▼
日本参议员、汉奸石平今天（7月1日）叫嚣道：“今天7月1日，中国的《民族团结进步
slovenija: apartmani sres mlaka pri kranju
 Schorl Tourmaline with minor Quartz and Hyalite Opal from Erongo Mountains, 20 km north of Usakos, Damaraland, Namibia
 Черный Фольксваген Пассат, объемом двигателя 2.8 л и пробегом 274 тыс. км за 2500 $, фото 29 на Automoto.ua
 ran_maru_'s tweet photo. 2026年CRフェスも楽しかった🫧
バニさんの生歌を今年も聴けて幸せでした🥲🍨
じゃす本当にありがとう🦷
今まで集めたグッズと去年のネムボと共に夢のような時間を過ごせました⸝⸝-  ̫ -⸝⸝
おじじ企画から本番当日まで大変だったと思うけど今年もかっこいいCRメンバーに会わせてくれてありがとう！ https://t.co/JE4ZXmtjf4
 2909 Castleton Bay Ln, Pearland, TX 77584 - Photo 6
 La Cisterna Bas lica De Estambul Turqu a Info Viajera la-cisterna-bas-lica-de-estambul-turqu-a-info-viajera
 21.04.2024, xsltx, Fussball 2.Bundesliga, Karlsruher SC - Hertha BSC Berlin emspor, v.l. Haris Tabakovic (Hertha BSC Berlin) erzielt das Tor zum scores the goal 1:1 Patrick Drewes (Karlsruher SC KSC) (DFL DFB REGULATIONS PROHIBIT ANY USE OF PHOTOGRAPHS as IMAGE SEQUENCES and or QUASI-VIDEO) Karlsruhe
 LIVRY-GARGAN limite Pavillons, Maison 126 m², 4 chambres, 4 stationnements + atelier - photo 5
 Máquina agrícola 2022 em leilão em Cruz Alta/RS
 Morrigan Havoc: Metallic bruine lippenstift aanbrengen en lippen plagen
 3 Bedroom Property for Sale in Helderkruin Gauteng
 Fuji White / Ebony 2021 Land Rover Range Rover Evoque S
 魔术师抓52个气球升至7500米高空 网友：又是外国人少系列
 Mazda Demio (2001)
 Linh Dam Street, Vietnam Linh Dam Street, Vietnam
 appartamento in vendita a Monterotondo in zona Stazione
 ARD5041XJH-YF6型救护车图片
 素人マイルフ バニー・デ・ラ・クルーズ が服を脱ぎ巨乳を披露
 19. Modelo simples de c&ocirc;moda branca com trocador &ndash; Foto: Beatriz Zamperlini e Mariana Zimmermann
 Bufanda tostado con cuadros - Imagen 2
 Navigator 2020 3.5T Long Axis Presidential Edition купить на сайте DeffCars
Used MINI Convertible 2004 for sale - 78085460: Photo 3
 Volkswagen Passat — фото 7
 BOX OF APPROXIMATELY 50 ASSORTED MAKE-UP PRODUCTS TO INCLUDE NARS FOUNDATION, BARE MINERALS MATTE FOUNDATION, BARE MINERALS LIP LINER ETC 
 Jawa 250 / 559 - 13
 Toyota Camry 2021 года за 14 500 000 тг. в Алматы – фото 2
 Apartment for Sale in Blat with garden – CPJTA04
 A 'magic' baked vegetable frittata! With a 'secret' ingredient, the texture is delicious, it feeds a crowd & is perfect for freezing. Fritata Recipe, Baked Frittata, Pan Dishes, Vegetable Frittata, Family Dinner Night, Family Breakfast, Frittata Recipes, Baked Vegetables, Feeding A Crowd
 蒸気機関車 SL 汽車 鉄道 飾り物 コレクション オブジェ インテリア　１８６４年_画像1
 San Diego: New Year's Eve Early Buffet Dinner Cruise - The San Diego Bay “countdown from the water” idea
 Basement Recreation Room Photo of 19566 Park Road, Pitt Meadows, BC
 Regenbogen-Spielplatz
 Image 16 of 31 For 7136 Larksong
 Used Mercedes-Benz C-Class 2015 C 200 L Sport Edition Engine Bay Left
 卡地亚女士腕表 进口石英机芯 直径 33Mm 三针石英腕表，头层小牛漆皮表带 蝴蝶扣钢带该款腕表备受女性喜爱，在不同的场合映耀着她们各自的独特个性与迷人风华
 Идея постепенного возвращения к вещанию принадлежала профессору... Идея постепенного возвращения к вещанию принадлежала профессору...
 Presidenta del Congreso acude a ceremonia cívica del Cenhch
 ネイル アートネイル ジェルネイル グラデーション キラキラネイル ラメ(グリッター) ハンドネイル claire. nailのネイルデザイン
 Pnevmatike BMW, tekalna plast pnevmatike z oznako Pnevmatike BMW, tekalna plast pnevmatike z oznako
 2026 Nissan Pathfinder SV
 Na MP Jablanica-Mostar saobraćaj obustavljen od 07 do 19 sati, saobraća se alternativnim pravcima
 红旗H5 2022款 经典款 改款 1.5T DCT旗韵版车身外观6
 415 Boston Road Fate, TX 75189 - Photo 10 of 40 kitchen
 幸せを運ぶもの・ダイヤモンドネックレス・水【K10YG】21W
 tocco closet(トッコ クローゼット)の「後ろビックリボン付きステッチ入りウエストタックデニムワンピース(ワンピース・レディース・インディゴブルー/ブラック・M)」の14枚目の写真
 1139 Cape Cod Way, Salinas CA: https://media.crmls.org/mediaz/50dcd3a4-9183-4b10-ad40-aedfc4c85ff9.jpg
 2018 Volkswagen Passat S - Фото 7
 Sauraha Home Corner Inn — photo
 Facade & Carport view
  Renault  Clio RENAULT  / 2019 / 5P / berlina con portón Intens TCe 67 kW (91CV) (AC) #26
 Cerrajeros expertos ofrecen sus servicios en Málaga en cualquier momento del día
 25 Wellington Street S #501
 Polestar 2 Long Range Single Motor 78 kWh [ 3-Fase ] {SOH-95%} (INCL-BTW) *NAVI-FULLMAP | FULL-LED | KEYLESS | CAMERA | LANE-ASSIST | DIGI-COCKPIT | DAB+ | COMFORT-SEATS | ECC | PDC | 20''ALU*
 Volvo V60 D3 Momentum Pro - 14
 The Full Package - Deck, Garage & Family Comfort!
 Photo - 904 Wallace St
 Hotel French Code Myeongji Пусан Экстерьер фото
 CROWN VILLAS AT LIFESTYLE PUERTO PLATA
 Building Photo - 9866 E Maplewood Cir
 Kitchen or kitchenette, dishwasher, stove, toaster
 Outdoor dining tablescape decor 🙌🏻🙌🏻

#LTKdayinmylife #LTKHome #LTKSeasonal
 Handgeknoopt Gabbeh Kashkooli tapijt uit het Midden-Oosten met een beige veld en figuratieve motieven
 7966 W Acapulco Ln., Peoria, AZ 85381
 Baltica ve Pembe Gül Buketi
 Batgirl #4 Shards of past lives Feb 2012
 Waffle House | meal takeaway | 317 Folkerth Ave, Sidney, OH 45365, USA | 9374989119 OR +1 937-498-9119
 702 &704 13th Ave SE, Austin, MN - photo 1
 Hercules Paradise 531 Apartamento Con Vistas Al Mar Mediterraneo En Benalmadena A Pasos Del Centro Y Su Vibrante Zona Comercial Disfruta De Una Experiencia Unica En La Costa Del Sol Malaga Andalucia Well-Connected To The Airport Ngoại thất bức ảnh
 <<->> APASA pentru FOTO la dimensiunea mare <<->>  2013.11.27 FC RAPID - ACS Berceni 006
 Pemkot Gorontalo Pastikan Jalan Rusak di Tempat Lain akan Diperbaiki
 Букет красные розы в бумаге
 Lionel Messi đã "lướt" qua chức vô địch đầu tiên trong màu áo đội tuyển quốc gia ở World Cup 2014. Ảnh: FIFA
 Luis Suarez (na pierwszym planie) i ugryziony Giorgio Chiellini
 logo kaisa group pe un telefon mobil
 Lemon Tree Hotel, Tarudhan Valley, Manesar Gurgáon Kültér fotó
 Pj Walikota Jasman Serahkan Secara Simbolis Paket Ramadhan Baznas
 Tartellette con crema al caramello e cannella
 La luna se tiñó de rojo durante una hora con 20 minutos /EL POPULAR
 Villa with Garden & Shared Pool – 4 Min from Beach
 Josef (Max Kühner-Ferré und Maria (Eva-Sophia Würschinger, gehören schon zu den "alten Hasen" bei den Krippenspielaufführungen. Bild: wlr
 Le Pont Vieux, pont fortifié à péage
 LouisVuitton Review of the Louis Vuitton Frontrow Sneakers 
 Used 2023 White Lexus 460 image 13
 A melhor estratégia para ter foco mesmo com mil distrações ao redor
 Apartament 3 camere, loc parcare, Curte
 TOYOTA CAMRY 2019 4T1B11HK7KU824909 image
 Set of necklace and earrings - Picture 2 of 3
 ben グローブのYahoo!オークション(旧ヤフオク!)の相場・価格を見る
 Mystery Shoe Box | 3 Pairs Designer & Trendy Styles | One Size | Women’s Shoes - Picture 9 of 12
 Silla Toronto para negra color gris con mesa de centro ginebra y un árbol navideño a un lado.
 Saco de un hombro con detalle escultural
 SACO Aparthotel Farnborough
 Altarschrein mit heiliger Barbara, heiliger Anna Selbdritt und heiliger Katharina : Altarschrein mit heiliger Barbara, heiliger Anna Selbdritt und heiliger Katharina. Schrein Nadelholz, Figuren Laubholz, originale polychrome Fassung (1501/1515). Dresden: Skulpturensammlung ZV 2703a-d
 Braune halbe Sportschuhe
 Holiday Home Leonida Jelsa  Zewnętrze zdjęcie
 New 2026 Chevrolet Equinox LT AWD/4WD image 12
▲
▶ _Required work_:
Copy all the lines from the data above that hold the word "Used".

▶ _Output of the exercise_:
Used MINI Convertible 2004 for sale - 78085460: Photo 3
 Used Mercedes-Benz C-Class 2015 C 200 L Sport Edition Engine Bay Left
 Used 2023 White Lexus 460 image 13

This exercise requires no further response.